If I had it to do over again, I would make the same choice and allow Caroline to celebrate Halloween. The reasons I explained below in the original post are all still valid in my mind for the time in which we made them. We made the choice based on the needs of the child we had for the reasons I gave below. Caroline is now 15. She understands why we don’t wish to celebrate Halloween any longer and why we did choose to let her celebrate for a number of years. She did trick or treating until she was 12 or 13. We passed out candy as well up until this year when we did not. I wish such a community-oriented holiday did not have such evil overtones but it does in our culture. It helps that there are a number of other Christian families on our cul-de-sac who also do not pass out candy so we are not the only ones.

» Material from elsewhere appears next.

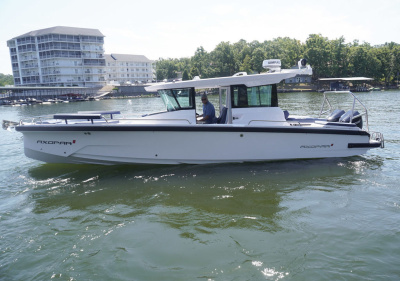 2025 Axopar 29 XC Cross Cabin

If you struggle with this question, I understand. But I am relieved we are past this part of our parenting journey and we can use the day for other purposes, in agreement as a family.
Update November 2021
We’ve decided not to celebrate Halloween any longer in terms of passing out candy, etc. I will update this post or write another one, but in the interest of full disclosure I wanted this on record.
Original Post October 2013
Caroline is seven years old and this will be the first time we’ve celebrated Halloween with her. I considered not saying anything about it here, but decided that it was important to me to articulate why we changed our minds in case anyone else might find it helpful. I know many Christians struggle with this holiday as we have.

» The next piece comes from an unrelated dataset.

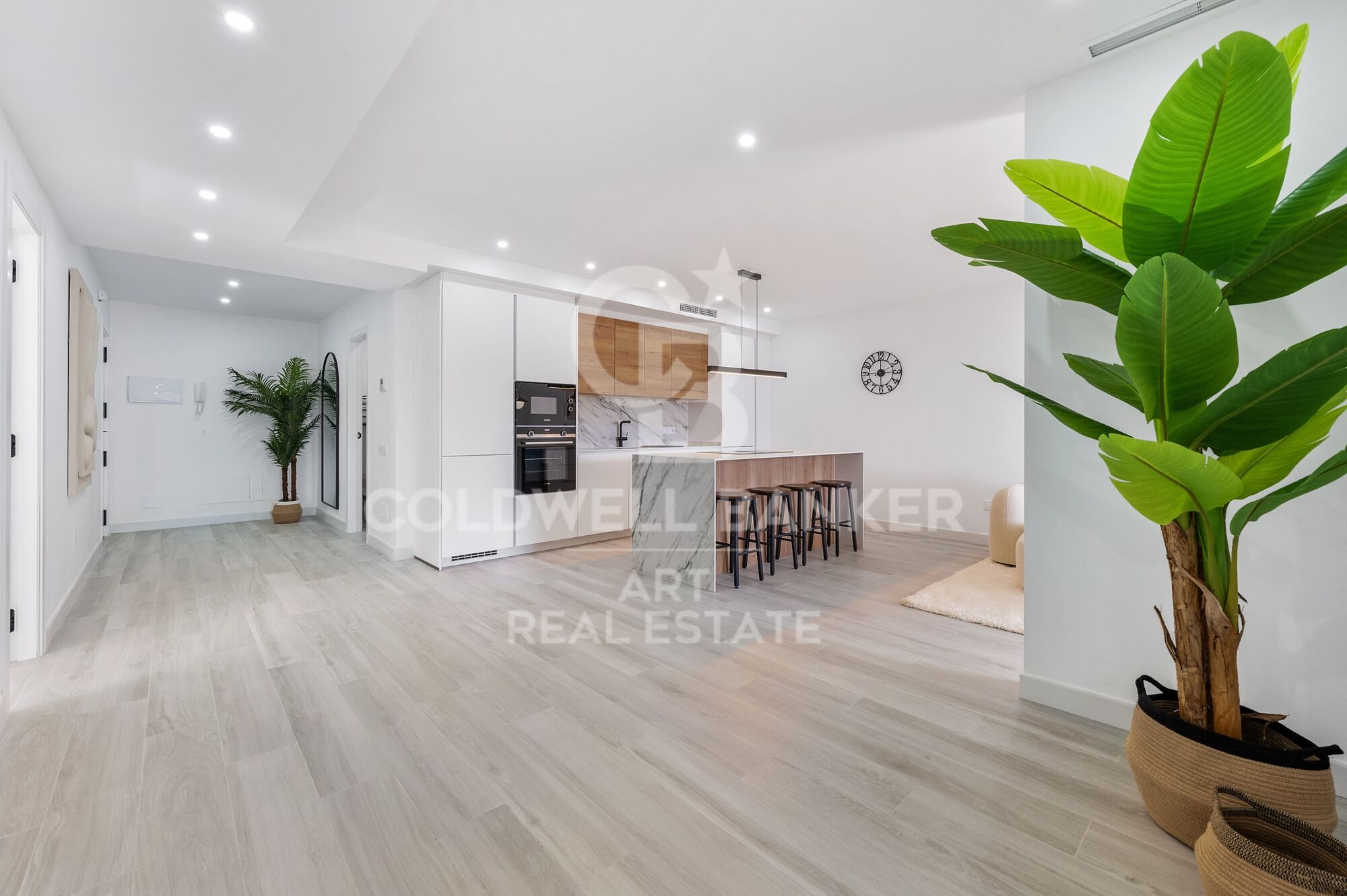 Espectacular apartamento en Puerto Banús con vistas a La Concha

There are four reasons we changed our mind about celebrating Halloween.
1. Not celebrating Halloween made me hate October
It really did. I just dreaded the entire month. I dreaded dealing with the questions from others. I dreaded all the displays and trying to avoid them from Labor Day on. I dreaded trying to explain it to Caroline. Not celebrating Halloween took one of the most glorious months of the year and made me hate it and dread it.

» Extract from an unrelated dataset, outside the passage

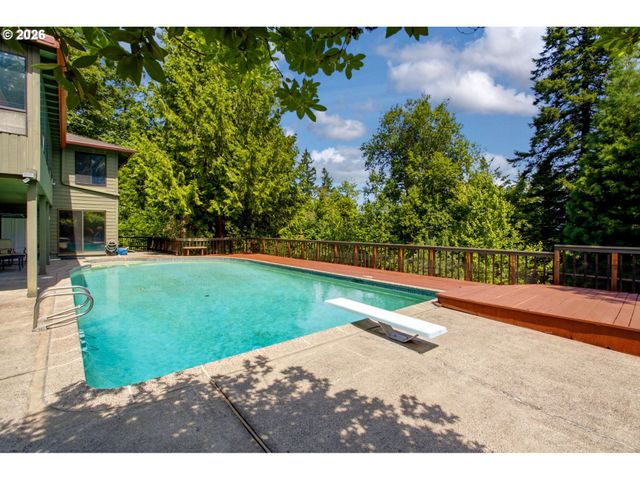 1511 WOODLAND Ter, Lake Oswego, OR 97034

It should not be so. October is a gift from God, especially where we live with the glorious colors. To allow two hours of one day to ruin an entire month for me was not worth it. Now when someone asks us about how we’re celebrating Halloween, we just happily give an answer. No more feeling awkward or like we’re coming across holier than thou. That was never my intention when we didn’t celebrate, but I always felt like it came across that way. I felt like it was a bridge burner rather than a bridge builder.
2. Not celebrating Halloween would be more damaging than celebrating it
Ever since last Halloween David and I have struggled with what to do. Most years we were able to just ignore Halloween. We did our own thing and it worked out fine. Last year Caroline was fully aware of what was going on and she was miserable. She saw all the kids outside trick or treating, dressed up in their costumes, and it was very upsetting to her.
Caroline doesn’t see Halloween as evil. She sees it as a fun time to dress up which is something she loves to do. She’s an off-the-chart creative, imaginative child. From the creativity standpoint, Halloween is probably more her kind of holiday than any other, to be perfectly honest.
This past summer I had a long conversation with an experienced mom who has creative children like my Caroline. She didn’t celebrate Halloween with her children when they were growing up, but all of her children now do celebrate with their own. She said if she had it to do over again, she probably would celebrate.
I told this mom that I was coming to the conclusion that to not allow Caroline to celebrate Halloween would probably be more damaging to our relationship with her than any potential downside of celebrating. I see celebrating Halloween as putting money in our relational bank. She sees that we were willing to consider changing our mind about something and I think that carries a lot of weight with her.
In this case, we decided to opt for grace, believing in the long run it is better for our family to allow her to celebrate.
3. It’s not a hill I’m going to die on
Whenever I struggle with issues of Christian conscience, I ask myself if it is a hill I’m willing to die on. If you’ve read my blog any length of time, you’ve probably seen me state this before. There are very few parenting hills I’m willing to die on. There are very few theological hills I’m willing to die on. I save the hill dying for really big things (of which there have been some already). Halloween is not one of them.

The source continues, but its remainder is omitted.